Unfortunately, a big part of the process of self-assessment is subjective, and subjectivity creates vulnerability to faults and results in biases. We tend to fall easily into the trap of subjectivity without being aware of it, this is because we don’t ask ourselves-regularly and repeatedly“Are my beliefs true?”, “How do I know it is the reality?”, and “Do others share the same belief or not?”
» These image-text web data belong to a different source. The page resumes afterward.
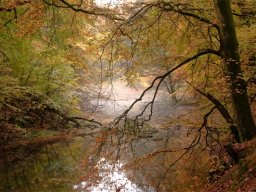 IMGP3874-Moelledammen-i-efteraarslys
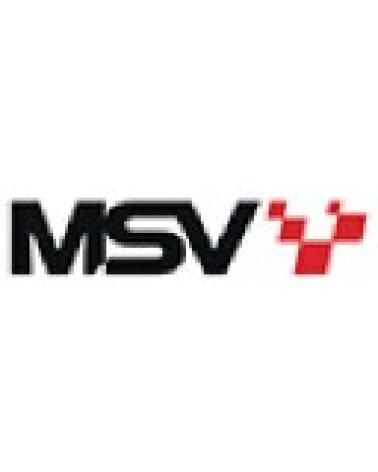 Logo de MSV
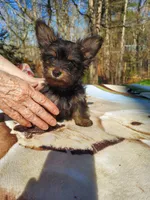 Little bear, a male Morkie for sale in Demorest, GA – Photo 1 of 5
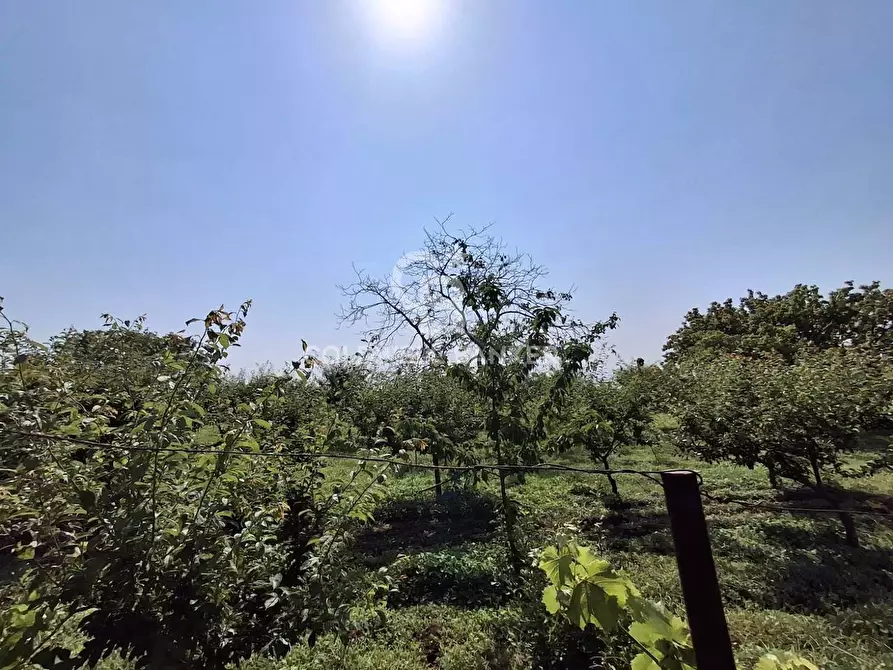 Immagine 8 di Terreno agricolo in vendita  in Via Ragonesi a Piedimonte Etneo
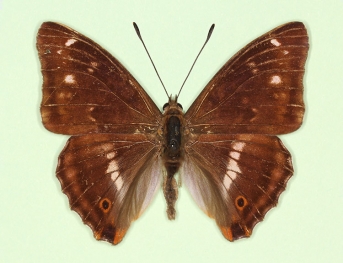 penumbrata Purple Emperor (Apatura iris)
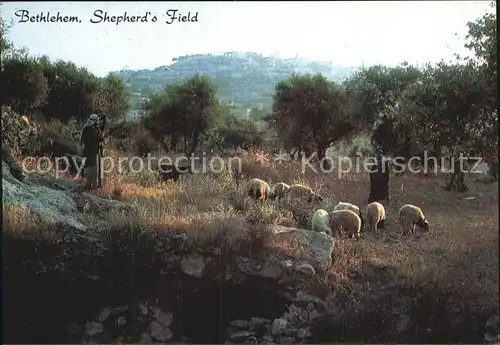 Bethlehem Yerushalayim Shepherds Field Kat. Bethlehem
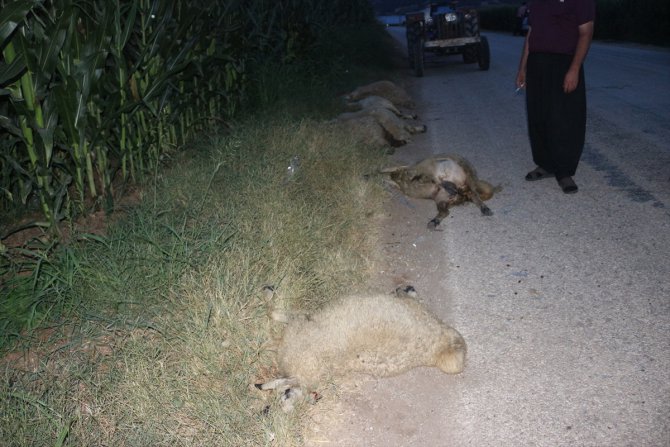 Adana'da otomobilin çarptığı sürüdeki koyunlardan 11'i telef oldu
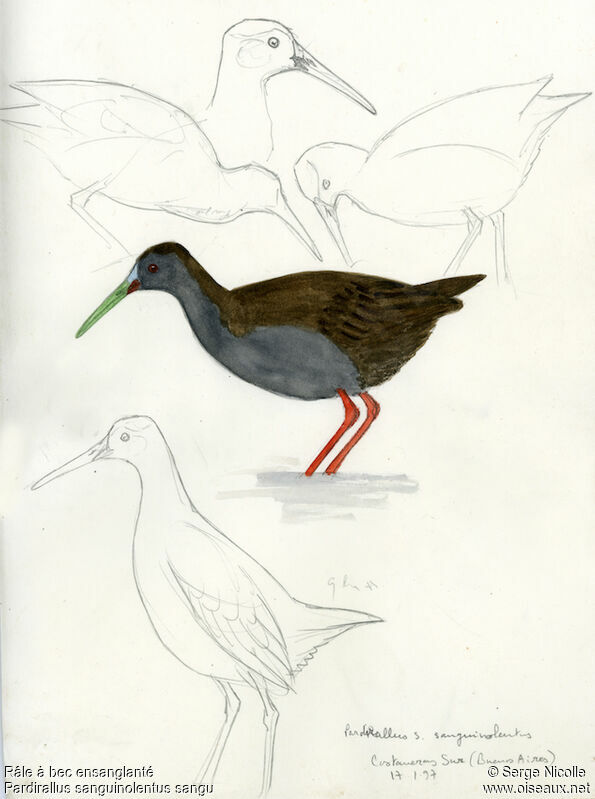 Plumbeous Rail, identification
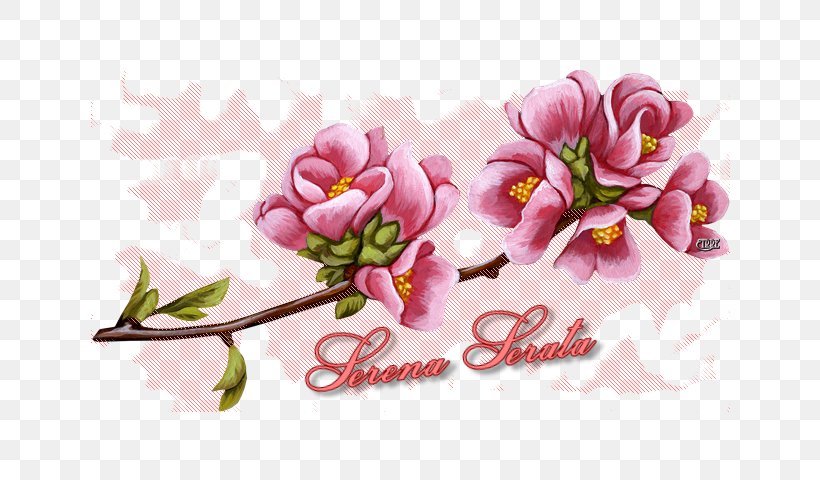 Garden Roses Flower Rosaceae Clip Art, PNG, 640x480px, Rose, Blog, Blossom, Bud, Cherry Blossom Download Free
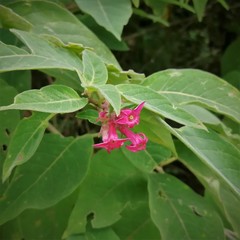 Cestrum roseum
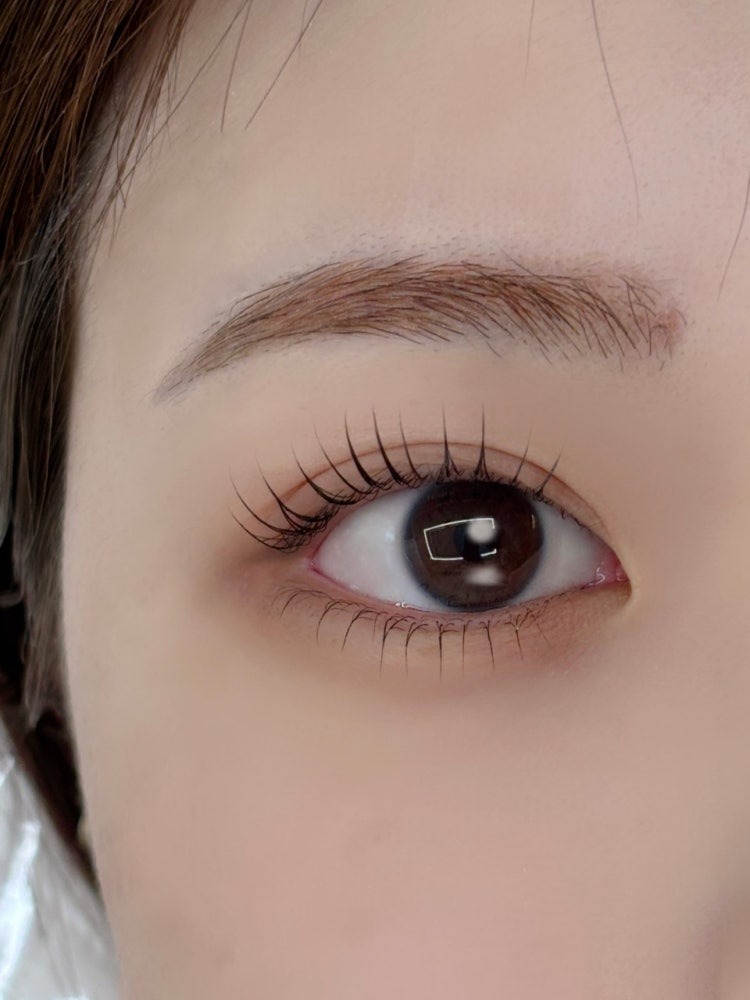 Bebelle Beauty Classic Lash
A subjective bias in the process of self-assessment is what I call “strength over-stretch”. It occurs when we assume that having one strength in one specific field or area, also referred to as a domain (e.g. work, family, friends,.. these are different domains) makes it automatically present in other domains without the need to enforce this strength further. I have a colleague who’s so punctual at work, he arrives to the office on time, attends his meetings on time, and delivers his tasks ahead of time. However, his family always complains about how late he is for any family commitment, and how he almost missed his daughter’s middle school graduation ceremony, and was an hour late for his family reunion last summer.
"No man was ever so much deceived by another as by himself." Fulke Greville, 1st Baron Brooke.
Still, my colleague always places “punctuality and time management” as one of his main strong points across the board. He assumes that if he’s good at time management at work, then he must be good at it in general, so he took his strength at the domain of work and stretched it to his domain of family, without checking if he actually uses it in this other domain or not.